Kamboçya’dan çıkabilmek için Büyükelçilikten geçici acil çıkış belgesi alınsa da yabancıların çıkış vizesi denilen belgeyi polisten almaları gerekiyor. Polise gitmek ise korkunç bir süreci başlatabiliyor. Talihsiz Türk çevirmenlerden biri de bunu yaşadı. Büyükelçiliğin haber vermesi ile Kamboçya polisinin çetenin elinden aldığı Türk vatandaşı belgesini almak isterken işlem yapılmadan 21 gün nezarethanede kaldı. Bu süreçte de Büyükelçilik diplomatik süreçleri işletti ancak sonuç alamadı.

U.K'nın kaldığı nezarethane.

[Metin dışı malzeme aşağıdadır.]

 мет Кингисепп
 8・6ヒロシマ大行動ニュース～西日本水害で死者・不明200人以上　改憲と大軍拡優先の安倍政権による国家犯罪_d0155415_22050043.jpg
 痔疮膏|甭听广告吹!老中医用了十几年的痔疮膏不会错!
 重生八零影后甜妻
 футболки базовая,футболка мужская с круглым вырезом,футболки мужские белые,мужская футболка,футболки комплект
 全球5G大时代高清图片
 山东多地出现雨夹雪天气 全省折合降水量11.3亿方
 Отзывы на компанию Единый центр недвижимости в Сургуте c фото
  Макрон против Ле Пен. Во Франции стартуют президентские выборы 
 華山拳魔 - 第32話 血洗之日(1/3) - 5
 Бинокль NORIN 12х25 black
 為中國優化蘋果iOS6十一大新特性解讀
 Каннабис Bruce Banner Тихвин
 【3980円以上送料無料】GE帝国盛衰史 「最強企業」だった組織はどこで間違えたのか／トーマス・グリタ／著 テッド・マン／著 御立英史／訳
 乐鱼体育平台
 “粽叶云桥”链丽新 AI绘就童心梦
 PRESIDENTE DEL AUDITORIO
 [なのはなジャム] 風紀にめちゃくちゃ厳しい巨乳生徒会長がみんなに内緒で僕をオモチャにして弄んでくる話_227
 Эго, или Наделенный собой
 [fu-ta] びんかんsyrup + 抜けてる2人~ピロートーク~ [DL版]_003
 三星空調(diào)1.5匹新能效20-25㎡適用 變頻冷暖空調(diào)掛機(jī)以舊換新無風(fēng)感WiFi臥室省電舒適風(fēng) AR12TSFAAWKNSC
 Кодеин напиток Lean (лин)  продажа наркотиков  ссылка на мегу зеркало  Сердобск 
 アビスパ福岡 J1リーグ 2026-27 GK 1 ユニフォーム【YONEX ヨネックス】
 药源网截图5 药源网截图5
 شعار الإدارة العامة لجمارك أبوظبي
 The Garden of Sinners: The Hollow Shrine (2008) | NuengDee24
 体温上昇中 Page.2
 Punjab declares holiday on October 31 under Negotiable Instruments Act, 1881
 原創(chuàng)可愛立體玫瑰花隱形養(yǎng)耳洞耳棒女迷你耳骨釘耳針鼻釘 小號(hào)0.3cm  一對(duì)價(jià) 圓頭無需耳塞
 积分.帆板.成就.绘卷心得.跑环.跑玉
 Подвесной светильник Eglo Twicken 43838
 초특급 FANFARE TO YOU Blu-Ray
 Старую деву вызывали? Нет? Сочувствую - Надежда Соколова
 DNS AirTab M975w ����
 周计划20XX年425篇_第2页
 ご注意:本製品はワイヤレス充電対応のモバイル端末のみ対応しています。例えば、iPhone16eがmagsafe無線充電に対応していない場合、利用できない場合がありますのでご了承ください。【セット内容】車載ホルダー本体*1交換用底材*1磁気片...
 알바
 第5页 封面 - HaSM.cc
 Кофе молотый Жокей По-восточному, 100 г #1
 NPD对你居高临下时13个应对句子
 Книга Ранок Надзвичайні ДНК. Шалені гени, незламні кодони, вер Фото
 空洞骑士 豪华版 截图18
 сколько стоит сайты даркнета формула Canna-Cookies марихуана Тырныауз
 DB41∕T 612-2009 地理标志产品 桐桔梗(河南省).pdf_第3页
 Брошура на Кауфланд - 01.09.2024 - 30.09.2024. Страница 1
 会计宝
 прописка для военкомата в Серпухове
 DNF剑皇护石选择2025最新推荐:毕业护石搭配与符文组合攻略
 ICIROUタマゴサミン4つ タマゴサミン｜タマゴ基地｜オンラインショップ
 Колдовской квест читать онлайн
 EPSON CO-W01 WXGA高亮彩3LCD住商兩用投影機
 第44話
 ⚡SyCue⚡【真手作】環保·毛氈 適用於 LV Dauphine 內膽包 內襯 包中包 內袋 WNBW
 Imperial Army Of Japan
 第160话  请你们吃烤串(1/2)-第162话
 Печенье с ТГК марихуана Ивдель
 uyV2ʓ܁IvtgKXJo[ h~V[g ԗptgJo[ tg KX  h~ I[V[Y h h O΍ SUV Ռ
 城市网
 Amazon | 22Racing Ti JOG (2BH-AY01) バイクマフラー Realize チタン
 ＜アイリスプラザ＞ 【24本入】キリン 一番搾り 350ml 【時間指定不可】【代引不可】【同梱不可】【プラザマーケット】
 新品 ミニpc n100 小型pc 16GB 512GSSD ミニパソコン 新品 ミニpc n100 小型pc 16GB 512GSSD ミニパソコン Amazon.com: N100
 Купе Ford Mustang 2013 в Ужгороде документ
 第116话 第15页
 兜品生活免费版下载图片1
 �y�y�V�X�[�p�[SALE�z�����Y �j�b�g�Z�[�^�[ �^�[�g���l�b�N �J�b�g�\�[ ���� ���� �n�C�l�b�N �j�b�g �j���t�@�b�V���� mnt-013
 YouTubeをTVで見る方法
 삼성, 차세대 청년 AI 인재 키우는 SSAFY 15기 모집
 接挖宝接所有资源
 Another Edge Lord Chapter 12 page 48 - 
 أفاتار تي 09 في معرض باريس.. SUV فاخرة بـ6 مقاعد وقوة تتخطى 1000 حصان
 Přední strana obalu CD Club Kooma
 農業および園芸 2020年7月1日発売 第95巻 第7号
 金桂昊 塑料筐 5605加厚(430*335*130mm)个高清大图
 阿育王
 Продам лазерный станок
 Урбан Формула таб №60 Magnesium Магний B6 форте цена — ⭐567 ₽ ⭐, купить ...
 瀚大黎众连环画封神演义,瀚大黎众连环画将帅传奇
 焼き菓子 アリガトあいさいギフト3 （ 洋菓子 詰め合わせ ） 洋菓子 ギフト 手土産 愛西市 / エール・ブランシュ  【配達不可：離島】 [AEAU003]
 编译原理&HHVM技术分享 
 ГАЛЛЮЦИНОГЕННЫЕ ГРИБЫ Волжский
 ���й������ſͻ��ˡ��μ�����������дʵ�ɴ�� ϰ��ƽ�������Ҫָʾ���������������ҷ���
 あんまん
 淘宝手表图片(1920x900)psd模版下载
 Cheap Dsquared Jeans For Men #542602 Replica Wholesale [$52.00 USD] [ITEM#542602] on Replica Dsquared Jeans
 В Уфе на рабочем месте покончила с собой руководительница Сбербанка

Dışarı çıkmaya izin yok. Yemek ve su dahil hiçbir şey verilmiyor. Telefonlarla sipariş verilebiliyor. Sipariş başına da dışarıda oturan polisler 2,5 dolar haraç alıyor.

Şebekenin elinden kurtulan U.K’nın aktardığına göre büyükelçiliğin kendilerine “Sen ne ilk ne de son olacaksın. Prosedür böyle, bizim yapacak bir şeyimiz yok. Siz yine şanslısınız çünkü yaşıyorsunuz. Bazılarının can güvenliğinden endişe ediyoruz” dedi.

“Ben 3. haftada ‘Artık medyaya konuşacağım’ dediğim günün ertesinde Büyükelçi aradı. Ondan önce asla iletişim kurmadı. ‘Medyaya konuşursan elinden telefonu alır’ dediler. Bana söylenen defalarca nota verilmiş ve emniyet genel müdür yardımcısıyla ve en üst düzey yetkililerle defalarca görüşülmüş ve bana defalarca çıkacaksınız diye söz verildiği halde 21 gün suçlu muamelesi gördüm. Ne pasaportum kayıptı ne vizemde sorun vardı.”

Çinli çetenin gücü tüm ülkeyi sarmış durumda. Şebekenin elinde 17 yaşında bir kız çocuğu dahil olmak üzere çok sayıda Türk ve binlerce yabancı esir bulunmaya devam ediyor.